## Goal of the exercise
Could you reproduce, from the records below, everything from the line with "Husky & Pomeranian." down to the line with "整箱批发5千克冻虾生鲜餐饮烹饪肉质鲜甜大海虾新鲜捕捞活冻大虾图2", keeping both of those lines and changing nothing?

──────────────────────────────

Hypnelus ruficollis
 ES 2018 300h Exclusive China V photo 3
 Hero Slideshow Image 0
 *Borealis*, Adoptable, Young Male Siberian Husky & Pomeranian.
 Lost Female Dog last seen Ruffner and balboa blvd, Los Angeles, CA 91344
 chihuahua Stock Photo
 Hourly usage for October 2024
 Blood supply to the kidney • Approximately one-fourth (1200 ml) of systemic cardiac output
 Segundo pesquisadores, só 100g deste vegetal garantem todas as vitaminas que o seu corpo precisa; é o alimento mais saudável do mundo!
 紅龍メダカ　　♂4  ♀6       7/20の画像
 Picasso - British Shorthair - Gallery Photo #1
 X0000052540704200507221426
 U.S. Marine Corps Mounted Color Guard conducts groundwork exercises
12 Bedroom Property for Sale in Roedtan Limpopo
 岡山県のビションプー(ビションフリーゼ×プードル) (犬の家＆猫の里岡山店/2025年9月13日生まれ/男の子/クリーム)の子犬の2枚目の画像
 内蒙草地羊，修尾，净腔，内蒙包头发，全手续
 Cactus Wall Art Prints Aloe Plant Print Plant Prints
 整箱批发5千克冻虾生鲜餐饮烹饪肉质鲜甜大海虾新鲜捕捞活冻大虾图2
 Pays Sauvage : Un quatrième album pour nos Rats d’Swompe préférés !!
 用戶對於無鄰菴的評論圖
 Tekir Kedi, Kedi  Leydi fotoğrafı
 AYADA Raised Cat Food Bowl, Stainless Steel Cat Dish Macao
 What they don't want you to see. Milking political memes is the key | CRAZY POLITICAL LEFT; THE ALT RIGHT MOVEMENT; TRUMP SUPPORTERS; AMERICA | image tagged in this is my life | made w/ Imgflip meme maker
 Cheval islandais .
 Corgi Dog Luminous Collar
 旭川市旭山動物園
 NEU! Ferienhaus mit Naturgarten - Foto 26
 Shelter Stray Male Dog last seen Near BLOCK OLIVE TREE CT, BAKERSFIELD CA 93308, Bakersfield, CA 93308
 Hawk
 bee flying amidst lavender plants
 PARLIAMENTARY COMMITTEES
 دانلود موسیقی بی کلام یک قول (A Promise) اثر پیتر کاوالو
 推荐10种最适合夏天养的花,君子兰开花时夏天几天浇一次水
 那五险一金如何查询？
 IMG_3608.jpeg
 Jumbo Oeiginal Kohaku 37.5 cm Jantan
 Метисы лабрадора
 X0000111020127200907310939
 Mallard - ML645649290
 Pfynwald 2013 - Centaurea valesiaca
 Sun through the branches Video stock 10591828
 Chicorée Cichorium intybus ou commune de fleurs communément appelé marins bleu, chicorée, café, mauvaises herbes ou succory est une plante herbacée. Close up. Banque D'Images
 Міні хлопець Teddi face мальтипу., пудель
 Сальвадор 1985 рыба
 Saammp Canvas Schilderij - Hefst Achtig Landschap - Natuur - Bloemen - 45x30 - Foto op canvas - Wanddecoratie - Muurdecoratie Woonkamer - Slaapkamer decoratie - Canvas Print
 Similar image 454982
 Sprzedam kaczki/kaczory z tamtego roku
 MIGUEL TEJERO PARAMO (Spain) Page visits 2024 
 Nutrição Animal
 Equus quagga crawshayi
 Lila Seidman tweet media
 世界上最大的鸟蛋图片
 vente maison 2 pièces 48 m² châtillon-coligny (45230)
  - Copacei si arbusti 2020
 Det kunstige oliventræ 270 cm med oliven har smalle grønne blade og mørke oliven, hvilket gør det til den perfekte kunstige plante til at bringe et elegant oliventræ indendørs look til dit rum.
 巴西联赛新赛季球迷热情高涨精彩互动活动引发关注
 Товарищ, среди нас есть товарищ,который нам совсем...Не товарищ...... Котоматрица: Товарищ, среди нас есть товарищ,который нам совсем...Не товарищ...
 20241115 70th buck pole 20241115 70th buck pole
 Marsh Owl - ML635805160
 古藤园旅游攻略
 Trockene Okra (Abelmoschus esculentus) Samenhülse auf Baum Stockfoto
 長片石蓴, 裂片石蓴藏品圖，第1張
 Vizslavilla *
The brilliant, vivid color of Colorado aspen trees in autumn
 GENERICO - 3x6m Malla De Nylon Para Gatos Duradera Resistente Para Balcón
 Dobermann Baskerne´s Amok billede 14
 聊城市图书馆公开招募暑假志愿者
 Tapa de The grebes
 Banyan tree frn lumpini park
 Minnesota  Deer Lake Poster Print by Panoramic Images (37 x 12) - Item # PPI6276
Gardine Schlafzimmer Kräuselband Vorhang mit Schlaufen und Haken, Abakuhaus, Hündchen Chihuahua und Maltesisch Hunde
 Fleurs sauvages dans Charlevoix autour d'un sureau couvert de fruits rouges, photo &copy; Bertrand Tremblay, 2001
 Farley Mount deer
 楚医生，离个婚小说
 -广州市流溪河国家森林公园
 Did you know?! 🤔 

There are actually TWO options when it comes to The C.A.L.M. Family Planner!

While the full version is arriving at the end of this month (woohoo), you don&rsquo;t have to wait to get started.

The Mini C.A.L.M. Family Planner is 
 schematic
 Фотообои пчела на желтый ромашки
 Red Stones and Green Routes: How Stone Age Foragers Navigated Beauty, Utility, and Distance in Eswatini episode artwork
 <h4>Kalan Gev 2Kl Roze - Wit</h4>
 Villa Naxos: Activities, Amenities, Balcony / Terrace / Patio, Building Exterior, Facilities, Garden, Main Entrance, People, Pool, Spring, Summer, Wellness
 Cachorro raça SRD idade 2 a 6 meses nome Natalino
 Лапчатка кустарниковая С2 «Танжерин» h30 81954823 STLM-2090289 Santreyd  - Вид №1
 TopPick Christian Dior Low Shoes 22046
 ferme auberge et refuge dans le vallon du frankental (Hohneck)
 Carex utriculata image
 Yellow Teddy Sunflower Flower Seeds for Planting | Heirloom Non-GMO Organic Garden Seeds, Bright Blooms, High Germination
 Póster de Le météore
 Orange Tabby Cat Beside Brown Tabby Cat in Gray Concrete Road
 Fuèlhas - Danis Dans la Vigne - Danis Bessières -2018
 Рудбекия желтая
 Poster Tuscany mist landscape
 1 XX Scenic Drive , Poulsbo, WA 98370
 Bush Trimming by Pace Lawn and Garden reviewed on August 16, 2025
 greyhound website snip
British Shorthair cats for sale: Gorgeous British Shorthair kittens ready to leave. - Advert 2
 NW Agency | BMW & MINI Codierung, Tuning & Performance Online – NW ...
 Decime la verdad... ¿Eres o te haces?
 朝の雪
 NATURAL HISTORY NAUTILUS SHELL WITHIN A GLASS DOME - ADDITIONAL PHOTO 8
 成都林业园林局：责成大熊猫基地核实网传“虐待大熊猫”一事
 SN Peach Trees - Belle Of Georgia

──────────────────────────────

## Result
 *Borealis*, Adoptable, Young Male Siberian Husky & Pomeranian.
 Lost Female Dog last seen Ruffner and balboa blvd, Los Angeles, CA 91344
 chihuahua Stock Photo
 Hourly usage for October 2024
 Blood supply to the kidney • Approximately one-fourth (1200 ml) of systemic cardiac output
 Segundo pesquisadores, só 100g deste vegetal garantem todas as vitaminas que o seu corpo precisa; é o alimento mais saudável do mundo!
 紅龍メダカ　　♂4  ♀6       7/20の画像
 Picasso - British Shorthair - Gallery Photo #1
 X0000052540704200507221426
 U.S. Marine Corps Mounted Color Guard conducts groundwork exercises
12 Bedroom Property for Sale in Roedtan Limpopo
 岡山県のビションプー(ビションフリーゼ×プードル) (犬の家＆猫の里岡山店/2025年9月13日生まれ/男の子/クリーム)の子犬の2枚目の画像
 内蒙草地羊，修尾，净腔，内蒙包头发，全手续
 Cactus Wall Art Prints Aloe Plant Print Plant Prints
 整箱批发5千克冻虾生鲜餐饮烹饪肉质鲜甜大海虾新鲜捕捞活冻大虾图2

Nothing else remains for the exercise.